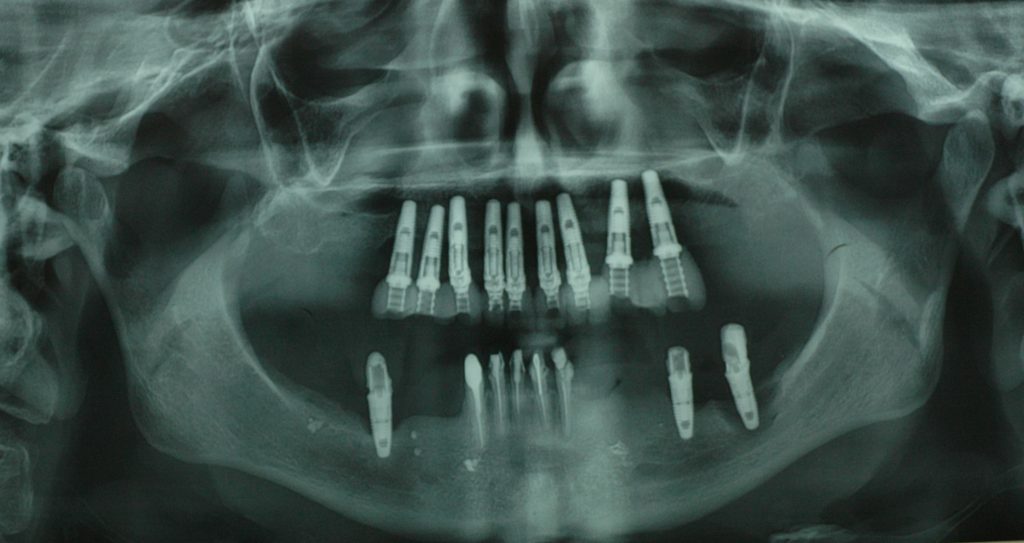 Powikłania leczenia implantoprotetycznego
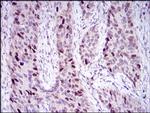HDAC10 Antibody in Immunohistochemistry (Paraffin) (IHC (P))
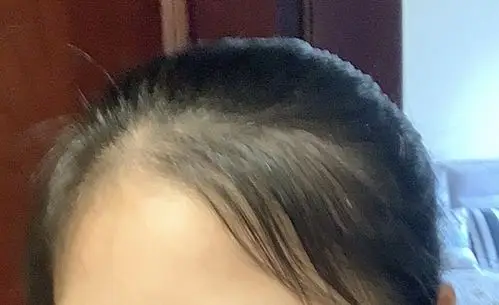 两鬓秃成这样了应该怎么拯救(慎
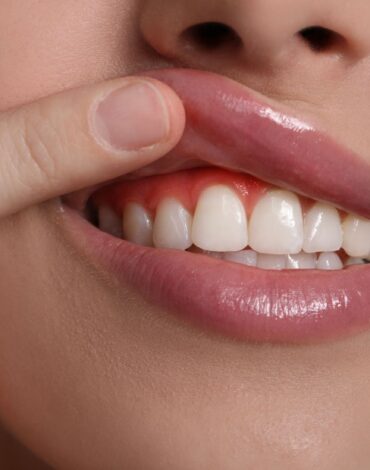 konya-periodontoloji-hangi-agiz-ve-dis-sorunlariyla-ilgilenir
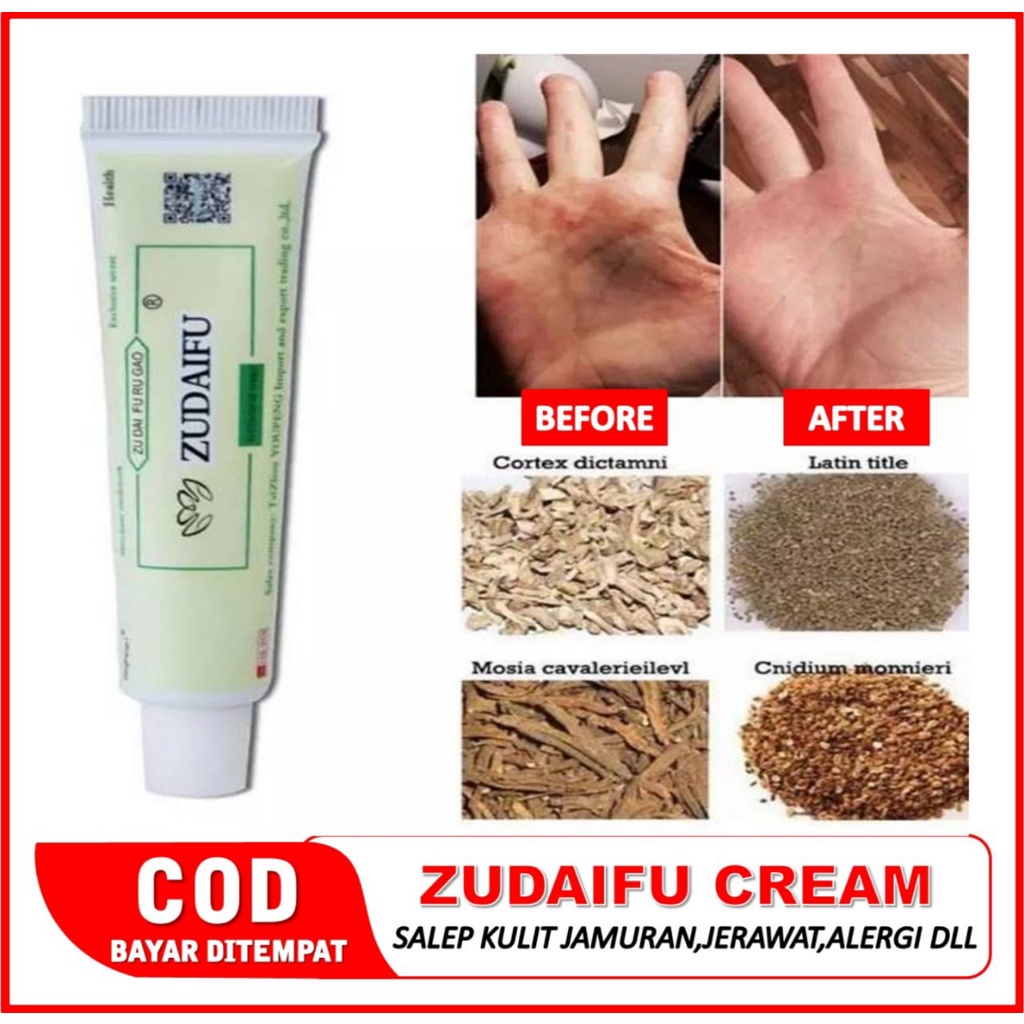 Salep Obat Gatal Eksim Kering Basah Menahun Paling Ampuh Kurap Panu Selangkangan Jamur Gatel Kulit /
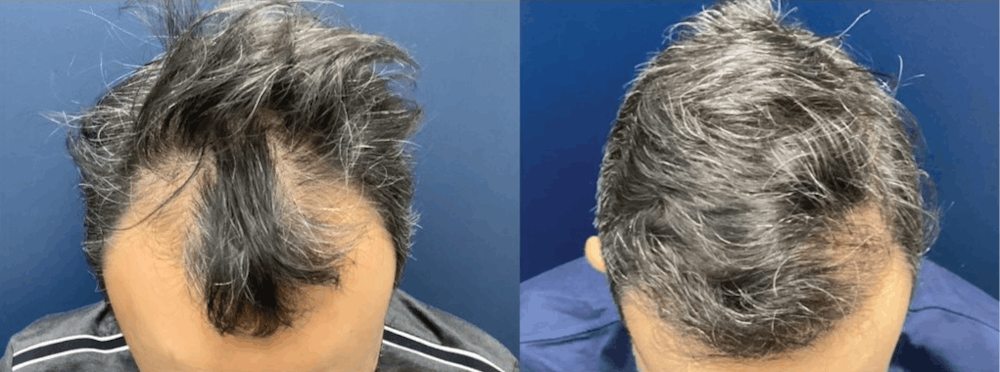 Hair Restoration Before & After Gallery - Patient 141524912 - Image 1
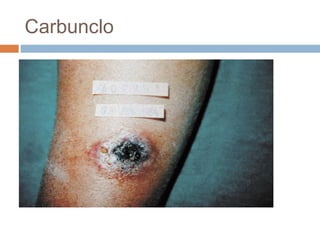 Carbunclo
 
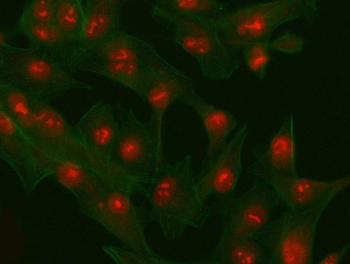 Anti-PHF6 Antibody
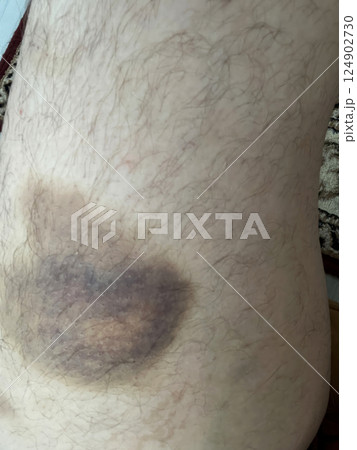 bruise on the leg. hematoma. purple bruise 124902730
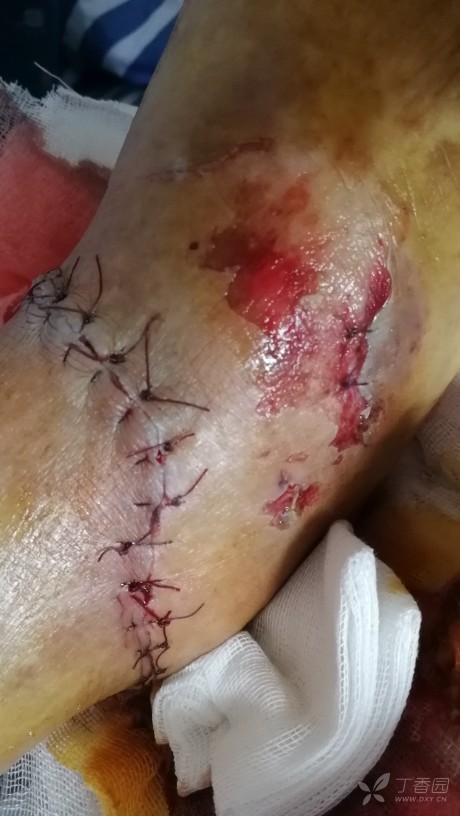 清创后出现边缘坏死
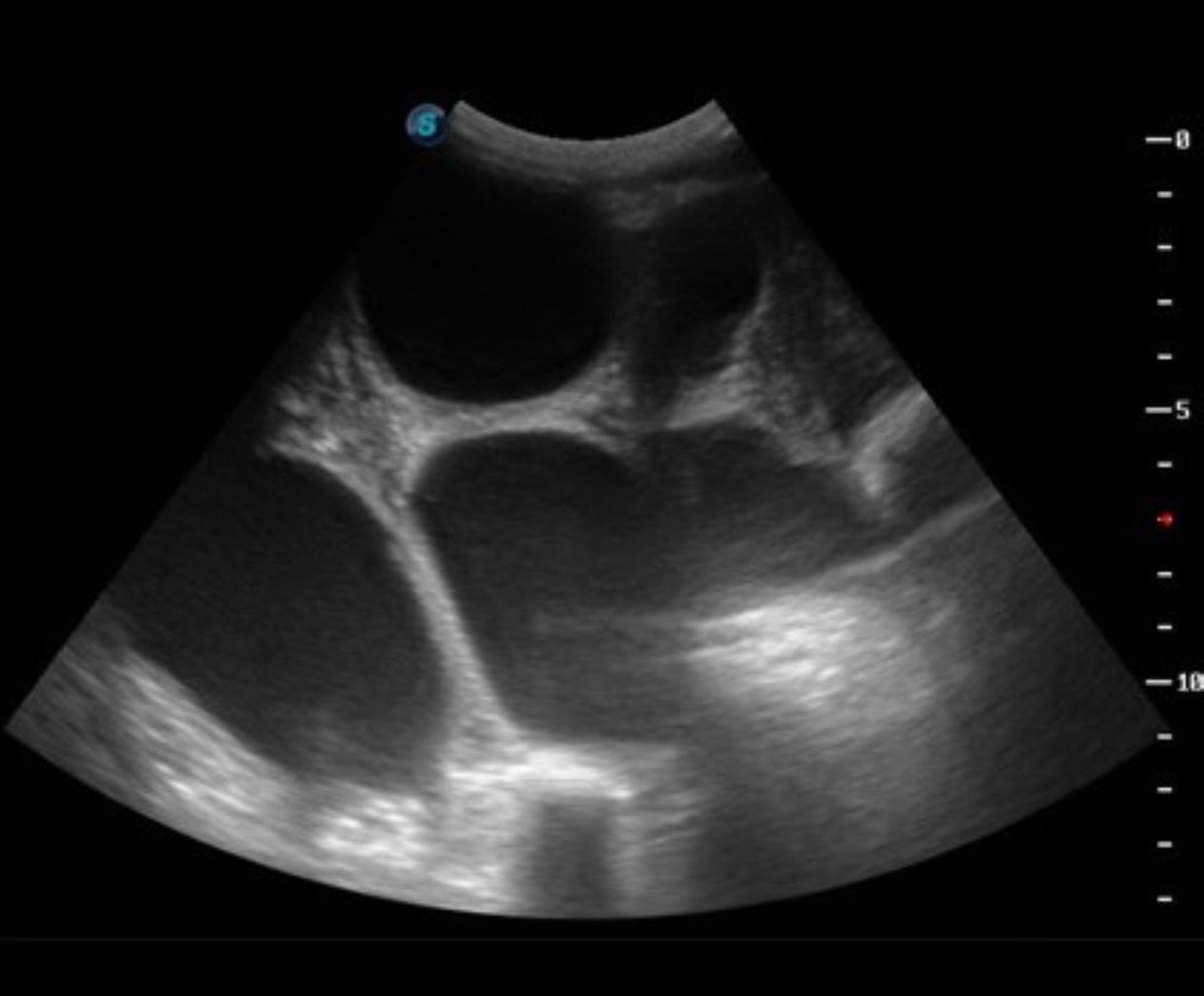 Hydrometra, ultrasonography, goat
========
> _Work required_
What you hand back should match the listing exactly, except that no pictures appear.

> _Written solution_
 Powikłania leczenia implantoprotetycznego
HDAC10 Antibody in Immunohistochemistry (Paraffin) (IHC (P))
 两鬓秃成这样了应该怎么拯救(慎
 konya-periodontoloji-hangi-agiz-ve-dis-sorunlariyla-ilgilenir
 Salep Obat Gatal Eksim Kering Basah Menahun Paling Ampuh Kurap Panu Selangkangan Jamur Gatel Kulit /
 Hair Restoration Before & After Gallery - Patient 141524912 - Image 1
 Carbunclo
 
 Anti-PHF6 Antibody
 bruise on the leg. hematoma. purple bruise 124902730
 清创后出现边缘坏死
 Hydrometra, ultrasonography, goat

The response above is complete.